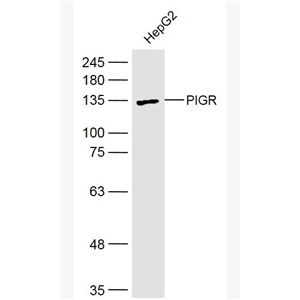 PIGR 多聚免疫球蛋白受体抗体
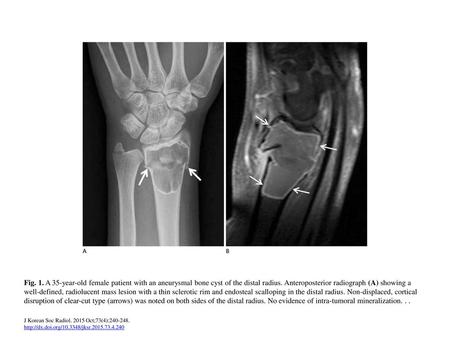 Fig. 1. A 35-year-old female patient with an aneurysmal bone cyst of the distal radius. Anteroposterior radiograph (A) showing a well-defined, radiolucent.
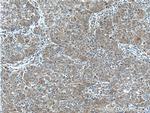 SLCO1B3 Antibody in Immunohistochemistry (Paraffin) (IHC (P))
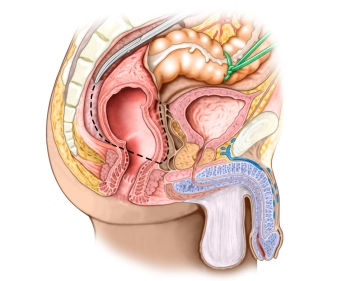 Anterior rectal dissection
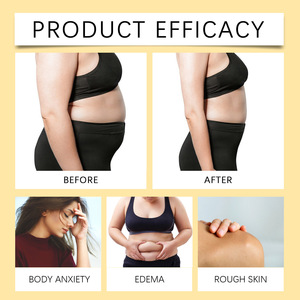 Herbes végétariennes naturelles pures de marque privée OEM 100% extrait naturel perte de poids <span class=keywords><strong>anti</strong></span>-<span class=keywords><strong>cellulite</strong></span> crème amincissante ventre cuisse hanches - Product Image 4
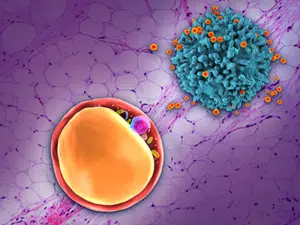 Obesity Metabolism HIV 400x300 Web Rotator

------------------------------

Print exactly the span of lines that begins with the line containing "Anterior rectal dissection" and ends with the last line of the listing, with no pictures.

* Answer area
 Anterior rectal dissection
 Herbes végétariennes naturelles pures de marque privée OEM 100% extrait naturel perte de poids <span class=keywords><strong>anti</strong></span>-<span class=keywords><strong>cellulite</strong></span> crème amincissante ventre cuisse hanches - Product Image 4
 Obesity Metabolism HIV 400x300 Web Rotator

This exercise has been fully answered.